McKee was about to make her case to Carl Icahn, one of the country’s best-known investors, who had made a similar wager and invited her team to discuss the trade. Nothing would bolster her confidence — and the prospects for her trade — more than if the billionaire and onetime corporate raider backed her up.

Icahn is a member of the tribe and was briefly a part of the Trump administration before he left over in$ide trading $u$picions.

She needn’t have worried. As McKee sat in Icahn’s wood-paneled boardroom with a sweeping view of Manhattan’s Central Park, discussing her thesis with the 83-year-old investor, she realized they shared the same outlook. Both agreed that e-commerce, changing consumer habits and evolving demographics had pummeled all malls to some degree in recent years, but some were far worse off than others. So by betting on their demise, both could profit handsomely — which they did.

How is that view of Manhattan looking today?

Icahn, whose hostile takeover of TWA in the 1980s established him as a major dealmaker, has made $1.3 billion on the trade since that meeting, and the investors that made the trade within McKee’s firm, MP Securitized Credit Partners, more than doubled their money. They are among a handful of investors who have, collectively, made hundreds of millions of dollars on similar trades this year.

There is something discomfiting about the idea of getting fantastically rich off someone else’s misfortune, which is what happens when a “short” trade — or bet against a stock or industry — succeeds. The contrast is even more startling given that the pandemic, which has devastated the economy and hurt the livelihoods of millions, has turbocharged the bets that Icahn, McKee and others placed on the downfall of malls, but on Wall Street, such brazenness is celebrated. Investors love little more than a contrarian bet that pays off, a combination of math and seeming magic that allows them to find a market disruption before everyone else and score a big win.

This is sickeningly disgusting to read.

The article presents itself as in-depth reporting and news, and yet it is a horse out the barn situation and the Times is damn near applauding the plunder with it's colorful terminology and insulting phrasing -- and why wouldn't they? They are promoting the Great Re$et, and can only be seen as mouthpieces of evil.

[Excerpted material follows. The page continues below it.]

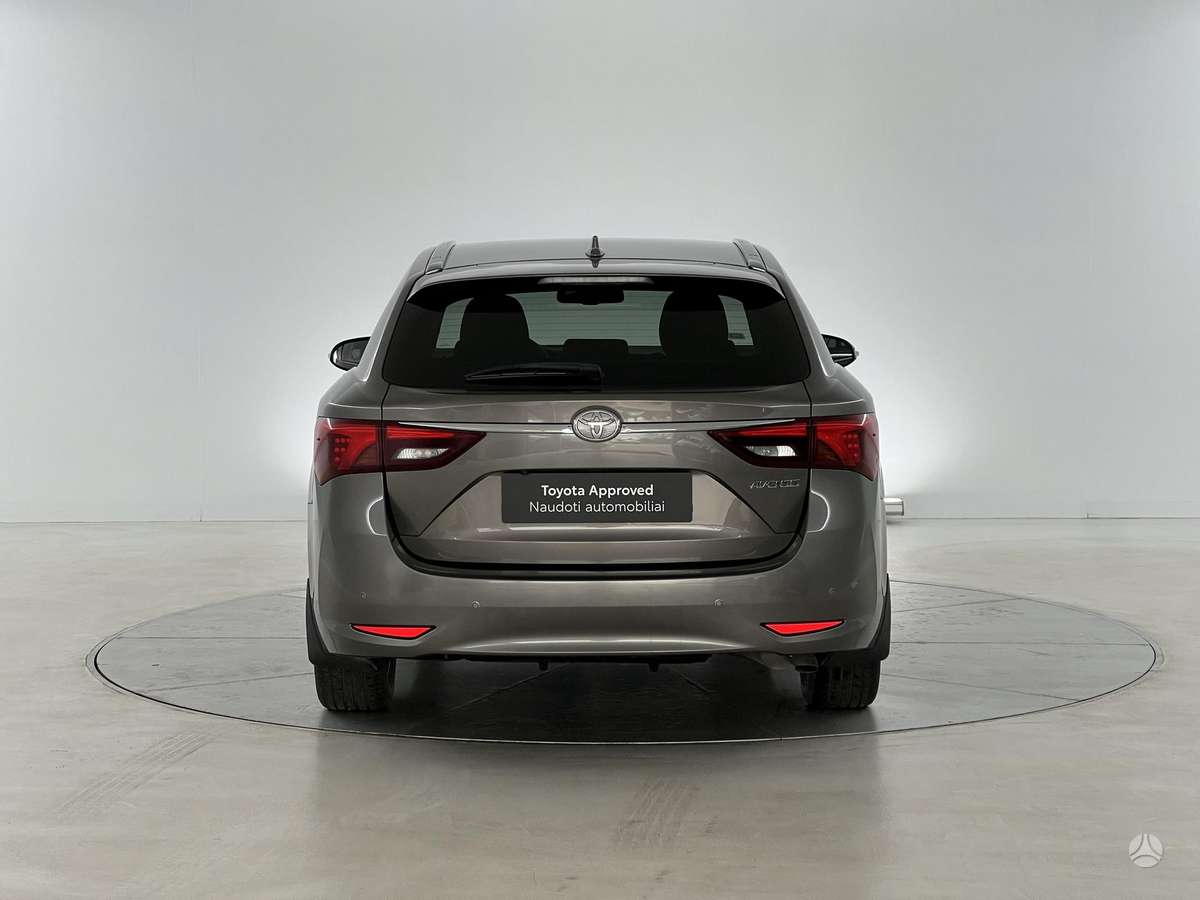 Toyota Avensis - 4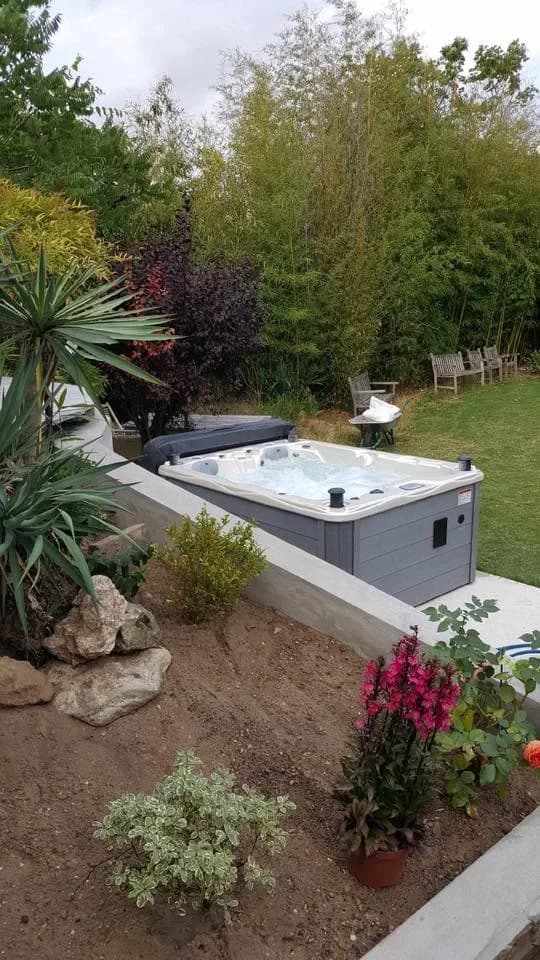 Installation d'un spa Montana Full option dans les Yvelines, autre vue du chantier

This isn't something they will stay focused on, either, as they peddle their propaganda and garbage day after day. 

The trade Icahn and McKee met to discuss, known as the “mall short” in financial circles, is the latest in a long-standing Wall Street tradition that some criticize as bottom-feeding because it preys on failure and can push a business over the edge while contributing little to the economy. Most investors buy stocks and bonds with the expectation that they will rise in value. A short is the opposite, and their defenders say they can help expose corporate fraud or deflate a dangerously overvalued asset, which can aid the smooth functioning of markets. More than a decade ago, some investors famously profited off the collapse of the housing market, even as the United States plunged into a financial crisis. Their trade came to be known as “the Big Short,” inspiring a book and a movie.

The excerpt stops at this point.